Subramanian Sandeep, Chaparala Srilakshmi, Avali Viji, Ganapathiraju Madhavi K
Language Technologies Institute, Carnegie Mellon University, Pittsburgh, PA, 15213, USA.
Department of Biomedical Informatics, University of Pittsburgh, 5607 Baum Blvd, Suite 522, Pittsburgh, PA, 15206, USA.
BMC Med Genomics. 2016 Dec 5;9(Suppl 3):73. doi: 10.1186/s12920-016-0232-3.
DNA palindromes are a unique pattern of repeat sequences that are present in the human genome. It consists of a sequence of nucleotides in which the second half is the complement of the first half but appearing in reverse order. These palindromic sequences may have a significant role in DNA replication, transcription and gene regulation processes. They occur frequently in human cancers by clustering at specific locations of the genome that undergo gene amplification and tumorigenesis.
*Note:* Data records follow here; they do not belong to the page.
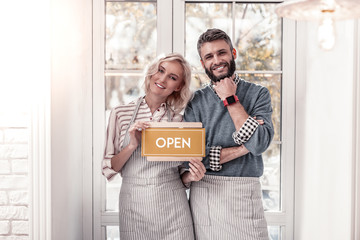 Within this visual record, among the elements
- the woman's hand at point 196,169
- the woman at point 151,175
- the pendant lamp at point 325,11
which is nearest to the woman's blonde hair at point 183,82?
the woman at point 151,175

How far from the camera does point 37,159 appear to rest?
A: 173 centimetres

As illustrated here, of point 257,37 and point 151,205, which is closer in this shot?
point 151,205

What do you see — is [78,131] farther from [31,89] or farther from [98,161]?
[31,89]

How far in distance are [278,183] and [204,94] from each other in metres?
0.88

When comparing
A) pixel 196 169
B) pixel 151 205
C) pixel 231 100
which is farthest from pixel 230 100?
pixel 151 205

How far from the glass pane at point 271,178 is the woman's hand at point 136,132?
0.98 meters

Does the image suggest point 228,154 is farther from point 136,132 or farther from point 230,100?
point 136,132

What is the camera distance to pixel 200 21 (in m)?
2.50

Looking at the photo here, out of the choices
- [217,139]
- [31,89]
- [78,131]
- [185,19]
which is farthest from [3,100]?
[185,19]

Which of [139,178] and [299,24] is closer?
[139,178]

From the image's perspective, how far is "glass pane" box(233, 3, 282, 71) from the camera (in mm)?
2486

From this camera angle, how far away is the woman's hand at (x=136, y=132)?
184 cm

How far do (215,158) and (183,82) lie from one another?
461 mm

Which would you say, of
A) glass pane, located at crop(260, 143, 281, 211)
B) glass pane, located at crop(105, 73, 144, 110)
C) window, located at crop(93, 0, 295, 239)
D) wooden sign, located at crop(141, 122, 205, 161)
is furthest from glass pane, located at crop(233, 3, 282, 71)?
wooden sign, located at crop(141, 122, 205, 161) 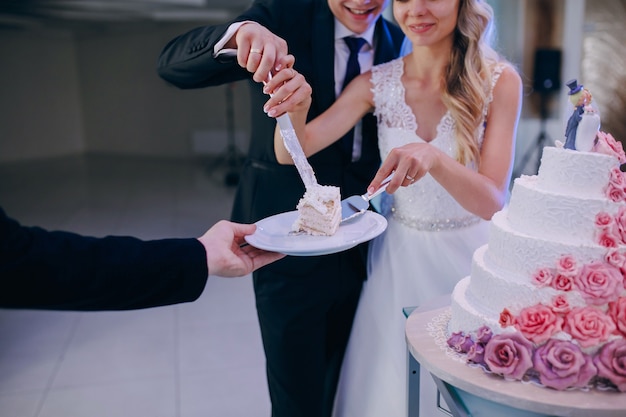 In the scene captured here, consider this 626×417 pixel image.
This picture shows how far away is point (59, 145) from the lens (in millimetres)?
12883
Moreover, some studies showed that palindromes are clustered in amplified regions of breast cancer genomes especially in chromosomes (chr) 8 and 11. With the large number of personal genomes and cancer genomes becoming available, it is now possible to study their association to diseases using computational methods. Here, we conducted a pilot study on chromosomes 8 and 11 of cancer genomes to identify computationally the differentially occurring palindromes.
We processed 69 breast cancer genomes from The Cancer Genome Atlas including serum-normal and tumor genomes, and 1000 Genomes to serve as control group. The Biological Language Modelling Toolkit (BLMT) computes palindromes in whole genomes. We developed a computational pipeline integrating BLMT to compute and compare prevalence of palindromes in personal genomes.
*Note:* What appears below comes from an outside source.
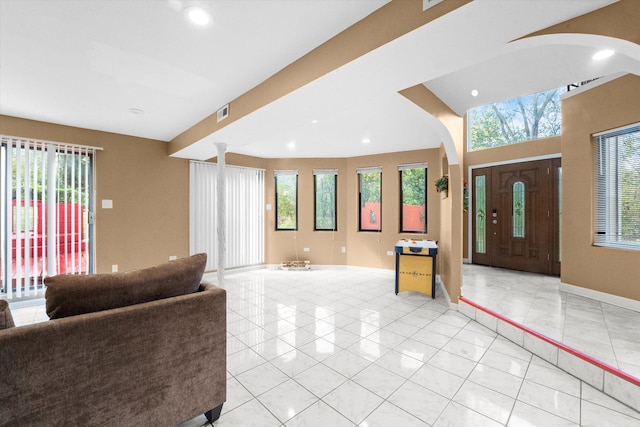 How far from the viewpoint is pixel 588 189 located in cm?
353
We carried out a pilot study on chr 8 and chr 11 taking into account single nucleotide polymorphisms, insertions and deletions. Of all the palindromes that showed any variation in cancer genomes, 38% of what were near breast cancer genes happened to be the most differentiated palindromes in tumor (i.e. they ranked among the top 25% by our heuristic measure).
These results will shed light on the prevalence of palindromes in oncogenes and the mutations that are present in the palindromic regions that could contribute to genomic rearrangements, and breast cancer progression.
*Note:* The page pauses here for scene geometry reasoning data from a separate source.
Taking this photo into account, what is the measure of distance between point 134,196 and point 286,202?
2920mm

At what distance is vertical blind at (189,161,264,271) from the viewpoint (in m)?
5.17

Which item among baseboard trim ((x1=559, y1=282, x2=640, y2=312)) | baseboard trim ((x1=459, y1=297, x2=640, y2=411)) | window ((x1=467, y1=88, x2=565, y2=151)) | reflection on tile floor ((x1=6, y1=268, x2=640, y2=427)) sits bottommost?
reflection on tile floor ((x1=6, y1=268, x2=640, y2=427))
DNA回文序列是人类基因组中存在的一种独特的重复序列模式。它由一系列核苷酸组成,其中后半部分是前半部分的互补序列,但顺序相反。这些回文序列可能在DNA复制、转录和基因调控过程中发挥重要作用。它们通过聚集在经历基因扩增和肿瘤发生的基因组特定位置而频繁出现在人类癌症中。此外,一些研究表明,回文序列聚集在乳腺癌基因组的扩增区域,尤其是在8号和11号染色体上。随着大量个人基因组和癌症基因组的可得性增加,现在可以使用计算方法研究它们与疾病的关联。在这里,我们对癌症基因组的8号和11号染色体进行了一项初步研究,以通过计算识别差异出现的回文序列。
我们处理了来自癌症基因组图谱的69个乳腺癌基因组,包括血清正常和肿瘤基因组,以及1000个基因组作为对照组。生物语言建模工具包(BLMT)计算全基因组中的回文序列。我们开发了一个整合BLMT的计算流程,以计算和比较个人基因组中回文序列的发生率。
我们在考虑单核苷酸多态性、插入和缺失的情况下,对8号和11号染色体进行了初步研究。在所有在癌症基因组中显示出任何变异的回文序列中,靠近乳腺癌基因的回文序列中有38%恰好是肿瘤中最具差异的回文序列(即根据我们的启发式测量,它们排名在前25%)。
这些结果将阐明癌基因中回文序列的发生率以及回文区域中可能导致基因组重排和乳腺癌进展的突变。